— Work instructions —
Print out the full listing below, word for word.

— Raw data —
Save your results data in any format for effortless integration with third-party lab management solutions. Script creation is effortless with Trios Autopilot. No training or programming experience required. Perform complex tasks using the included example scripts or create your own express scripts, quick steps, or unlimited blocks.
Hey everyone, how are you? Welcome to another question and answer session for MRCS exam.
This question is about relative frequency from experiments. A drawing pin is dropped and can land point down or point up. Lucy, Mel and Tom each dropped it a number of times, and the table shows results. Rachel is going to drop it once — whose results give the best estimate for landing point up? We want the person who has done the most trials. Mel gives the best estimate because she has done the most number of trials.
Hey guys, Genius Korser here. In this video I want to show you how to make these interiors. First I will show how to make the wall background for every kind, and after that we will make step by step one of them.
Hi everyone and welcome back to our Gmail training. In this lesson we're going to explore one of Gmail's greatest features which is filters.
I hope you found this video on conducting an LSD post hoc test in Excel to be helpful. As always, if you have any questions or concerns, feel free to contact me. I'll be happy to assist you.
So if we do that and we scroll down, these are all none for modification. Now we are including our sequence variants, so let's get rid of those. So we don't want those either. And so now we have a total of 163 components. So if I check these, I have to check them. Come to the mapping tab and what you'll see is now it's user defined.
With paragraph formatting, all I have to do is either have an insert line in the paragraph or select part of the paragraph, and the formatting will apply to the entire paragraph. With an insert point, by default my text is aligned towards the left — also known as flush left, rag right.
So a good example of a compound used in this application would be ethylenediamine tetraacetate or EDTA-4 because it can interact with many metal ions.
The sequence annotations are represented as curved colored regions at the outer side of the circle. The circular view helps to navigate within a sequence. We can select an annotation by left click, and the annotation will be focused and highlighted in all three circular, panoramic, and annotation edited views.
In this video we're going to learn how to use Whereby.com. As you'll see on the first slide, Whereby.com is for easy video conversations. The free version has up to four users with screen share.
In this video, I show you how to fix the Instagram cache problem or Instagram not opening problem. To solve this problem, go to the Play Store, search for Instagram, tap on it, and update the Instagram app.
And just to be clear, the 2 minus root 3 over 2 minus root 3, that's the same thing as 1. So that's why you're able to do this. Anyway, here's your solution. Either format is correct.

— Response to the task —
Save your results data in any format for effortless integration with third-party lab management solutions. Script creation is effortless with Trios Autopilot. No training or programming experience required. Perform complex tasks using the included example scripts or create your own express scripts, quick steps, or unlimited blocks.
Hey everyone, how are you? Welcome to another question and answer session for MRCS exam.
This question is about relative frequency from experiments. A drawing pin is dropped and can land point down or point up. Lucy, Mel and Tom each dropped it a number of times, and the table shows results. Rachel is going to drop it once — whose results give the best estimate for landing point up? We want the person who has done the most trials. Mel gives the best estimate because she has done the most number of trials.
Hey guys, Genius Korser here. In this video I want to show you how to make these interiors. First I will show how to make the wall background for every kind, and after that we will make step by step one of them.
Hi everyone and welcome back to our Gmail training. In this lesson we're going to explore one of Gmail's greatest features which is filters.
I hope you found this video on conducting an LSD post hoc test in Excel to be helpful. As always, if you have any questions or concerns, feel free to contact me. I'll be happy to assist you.
So if we do that and we scroll down, these are all none for modification. Now we are including our sequence variants, so let's get rid of those. So we don't want those either. And so now we have a total of 163 components. So if I check these, I have to check them. Come to the mapping tab and what you'll see is now it's user defined.
With paragraph formatting, all I have to do is either have an insert line in the paragraph or select part of the paragraph, and the formatting will apply to the entire paragraph. With an insert point, by default my text is aligned towards the left — also known as flush left, rag right.
So a good example of a compound used in this application would be ethylenediamine tetraacetate or EDTA-4 because it can interact with many metal ions.
The sequence annotations are represented as curved colored regions at the outer side of the circle. The circular view helps to navigate within a sequence. We can select an annotation by left click, and the annotation will be focused and highlighted in all three circular, panoramic, and annotation edited views.
In this video we're going to learn how to use Whereby.com. As you'll see on the first slide, Whereby.com is for easy video conversations. The free version has up to four users with screen share.
In this video, I show you how to fix the Instagram cache problem or Instagram not opening problem. To solve this problem, go to the Play Store, search for Instagram, tap on it, and update the Instagram app.
And just to be clear, the 2 minus root 3 over 2 minus root 3, that's the same thing as 1. So that's why you're able to do this. Anyway, here's your solution. Either format is correct.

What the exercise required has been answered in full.